Difficulties in fields such as computer vision and reinforcement learning
Posted: Thu Feb 06, 2025 3:17 am
First, the computational cost of deep learning technology is very high. This makes it very difficult to train large-scale neural networks and requires huge amounts of time and resources. Under the hardware conditions at the time, it was difficult to conduct large-scale deep learning experiments, which greatly limited the development of deep learning technology.
Secondly, insufficient data volume is also an important issue. Deep learning technology requires a large amount of data for training, but the data set size at that time was relatively small and could not meet the needs of deep learning technology. This also limited the application of deep learning technology in practical applications.

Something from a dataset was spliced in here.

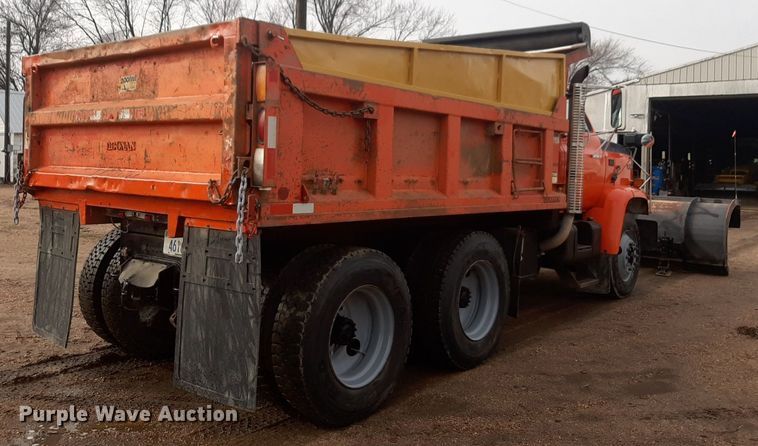 image for item DV9784 1988 GMC Top Kick dump truck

In addition, since deep learning technology performed poorly in lithuania mobile database the application scenarios at the time, many researchers turned their attention to other machine learning techniques, such as support vector machines and decision trees.

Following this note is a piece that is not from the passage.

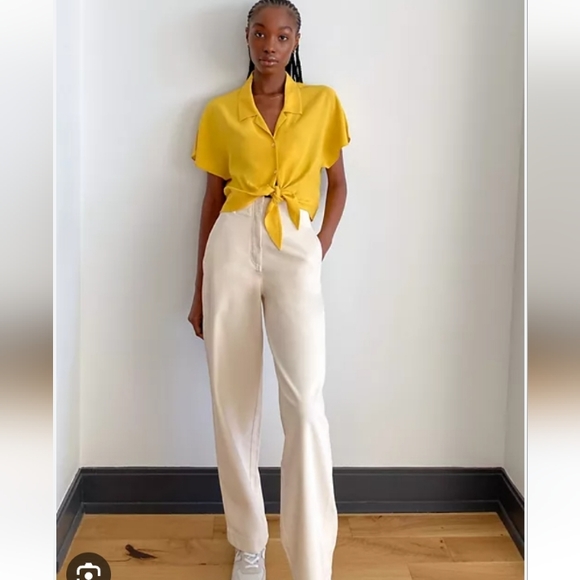 Aritzia Tops - ARITZIA Front tie blouse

In general, the 1990s and early 2000s marked the end of deep learning technology. Deep learning technology was limited in terms of computing cost, data volume, and application scenarios, and many researchers were pessimistic about its prospects. However, it was this period of lows that laid the foundation for the subsequent recovery and development of deep learning technology, prompting researchers to continuously explore and improve deep learning technology.
Secondly, insufficient data volume is also an important issue. Deep learning technology requires a large amount of data for training, but the data set size at that time was relatively small and could not meet the needs of deep learning technology. This also limited the application of deep learning technology in practical applications.
In addition, since deep learning technology performed poorly in lithuania mobile database the application scenarios at the time, many researchers turned their attention to other machine learning techniques, such as support vector machines and decision trees.
In general, the 1990s and early 2000s marked the end of deep learning technology. Deep learning technology was limited in terms of computing cost, data volume, and application scenarios, and many researchers were pessimistic about its prospects. However, it was this period of lows that laid the foundation for the subsequent recovery and development of deep learning technology, prompting researchers to continuously explore and improve deep learning technology.